Written by Debate Plural

Andres L. Mateo (Hoy, 27-4-11)

Nunca he podido desentenderme de mi relación mágica con las palabras, porque ese vínculo me condujo al descubrimiento del deleite del pensamiento. Ahora es un lugar común decir en el discurso académico que no hay pensamiento sin lenguaje, pero cuando ese resplandor se enreda con la cándida indagación de un niño, el resultado es siempre maravilloso.  Provengo, pues, de un universo de interrogaciones que han mortificado vivamente nuestro ser en la historia, o que han naufragado,  en determinados momentos de la vida social,  acompañando tanto la frustración del pensamiento liberal como la larga tradición de autoritarismo que ha vivido el país. E, incluso, hemos asumido hasta la negación misma de la identidad y la cultura.

¿Quiénes son, realmente, nuestros liberales? ¿Quiénes pueden representar, en la administración del Estado, una corriente de pensamiento que se distancie de la larga tradición conservadora? ¿Es tan apabullante la hegemonía conservadora en nuestra historia que debemos atribuirle al conservadurismo todas las realizaciones sociales? ¿Cuando el PRD asumió el poder, en el año 1978, no entró con un armazón teórico proveniente del liberalismo? ¿Y cómo salió de esa experiencia de Estado?  Más próximo al conservadurismo que al liberalismo, sin ninguna duda.  ¿No era Leonel Fernández un ejemplar de la fauna del liberalismo, hasta que probó el poder y se embriagó, convirtiéndose en portaestandarte del conservadurismo? ¿ Y qué fue lo que hizo Lilís al romper la tradición libertaria de los azules, fraguando un poder desmesurado que se llevaba de paso el sentimiento liberal de Luperón?

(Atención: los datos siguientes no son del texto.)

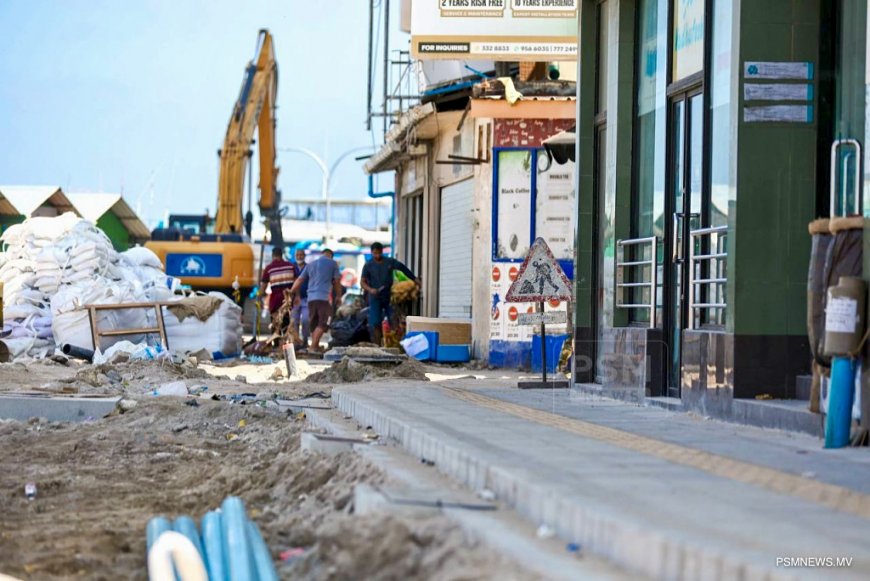 މިހަފުތާގައި ބޮޑުތަކުރުފާނު މަގުގެ ބާޒާރުމަތީ ސަރަޙައްދުގައި ތާރުއެޅުމުގެ މަސައްކަތް ފަށަނީ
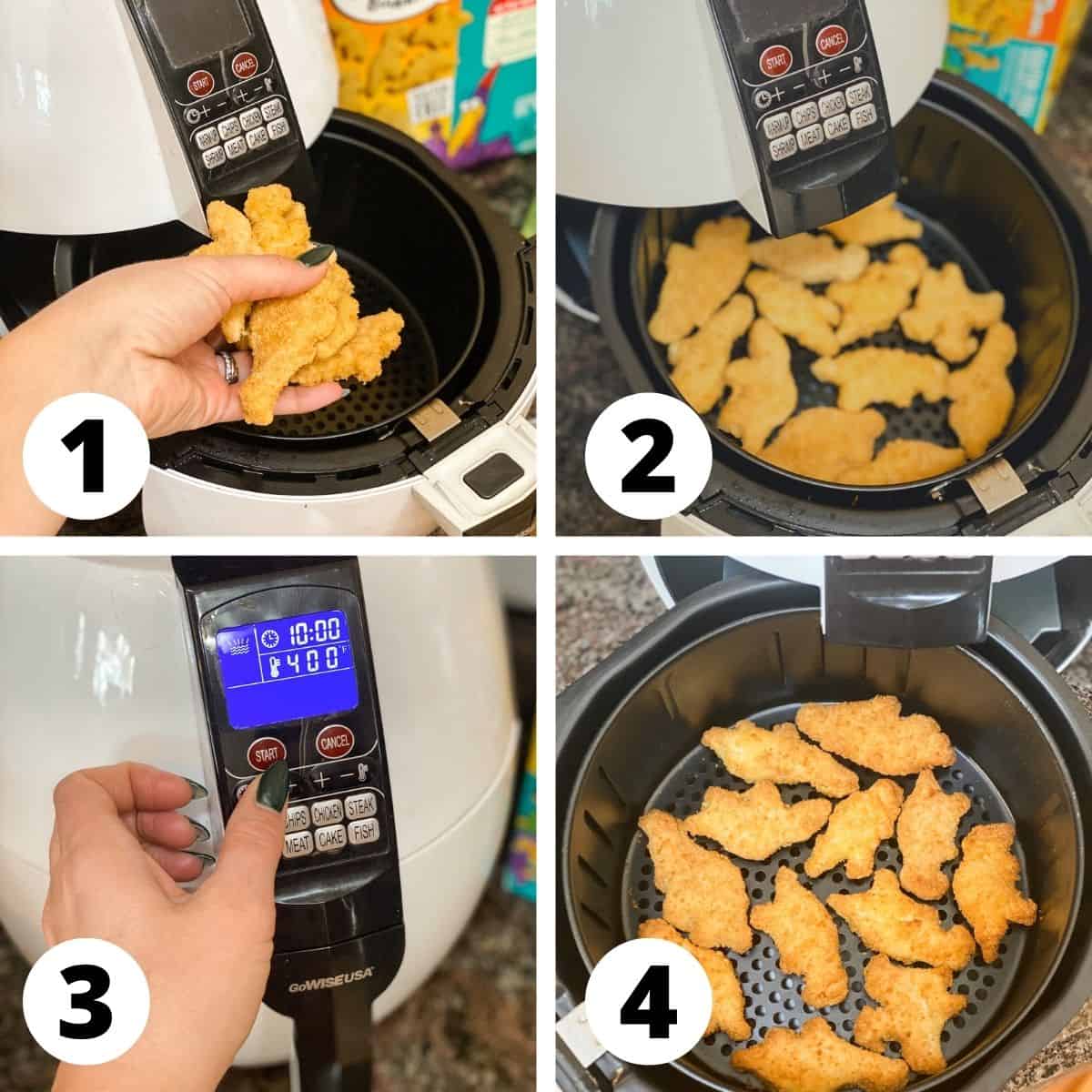 Dino nuggets air fryer recipe step by step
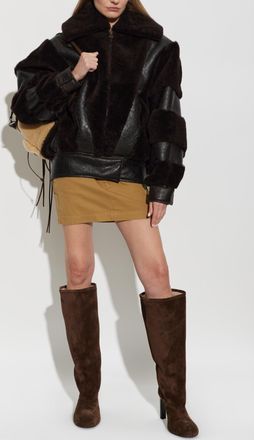 Balenciaga Oversize Coat, Womens, Brown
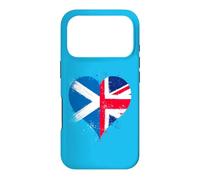 Carcasa para iPhone 17 Pro Bandera Escocesa Union Jack Aficionado Escocia Gran Bretaña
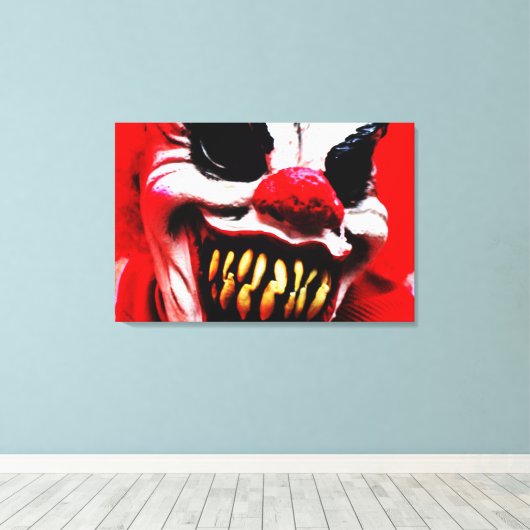 Clown 1 36x24 (90x60cm) waccna canvas afdruk (Insitu (Houten vloer))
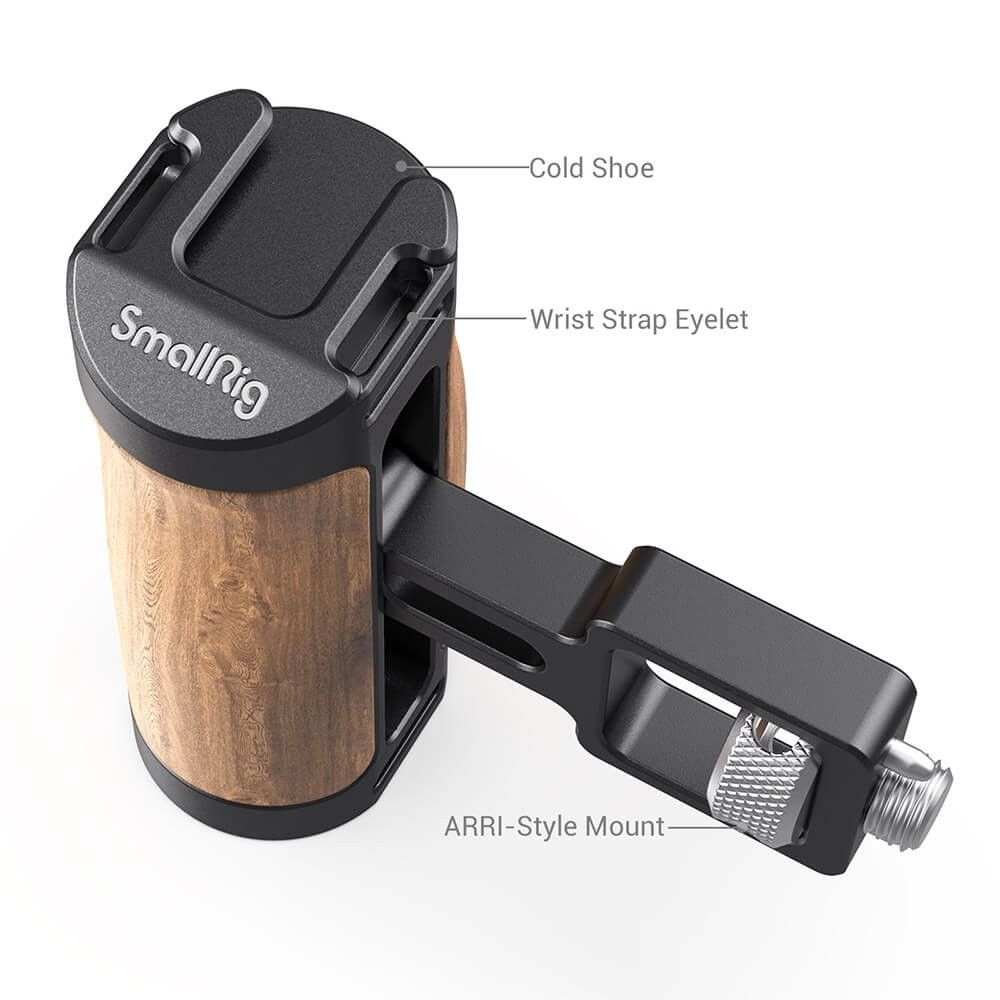 SmallRig 2914 - Wooden Mini Side Handle (ARRI-Style Mount) (NRUJ5)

Toda la quejumbre filosófico teórica que en el plano político e histórico llenó el siglo XIX dominicano, gira alrededor de esta preocupación fundamental, y son  la constante más definida de la historia dominicana. Es por eso que,  aunque planteada en otros términos, dramáticos y terminales, según sea el caso, la forma clásica de sugerir cualquier proyecto nacional comienza siempre por cuestionar la tenencia de una identidad, cuya aventura espiritual permanece como el habla de una humanidad estrechamente vinculada al azar. No me parece necesario atiborrar con citas conocidas las preocupaciones que la supuesta inviabilidad de la nación dominicana produjo en la historia del pensamiento social de nuestro país, pero el clamor condolido abarcó desde la exclamación medio romántica del arielismo (Santiago Guzmán Espaillat), hasta la pléyade vaporosa de los positivistas (desde Federico García Godoy a Don Américo Lugo, e incluyendo al propio Hostos).  La cultura es, pues, que los políticos liberales dominicanos cambian de naturaleza para mantenerse en el poder, y el liberalismo no ha tenido tiempo de construir un  referente sólido que derrote la legitimidad con la que el conservadurismo ha reciclado siempre sus ambiciones.  ¿Acaso no es lo mismo Balaguer vendiéndose como un mesías, salvando la patria del caos; que Leonel Fernández prefigurando el destino de todos, convertido en un ser sobrenatural, para quien la mugre mediaisla que es éste país le resulta tan poca cosa, que es necesario salir continuamente al extranjero  a pregonar sus excelsas cualidades?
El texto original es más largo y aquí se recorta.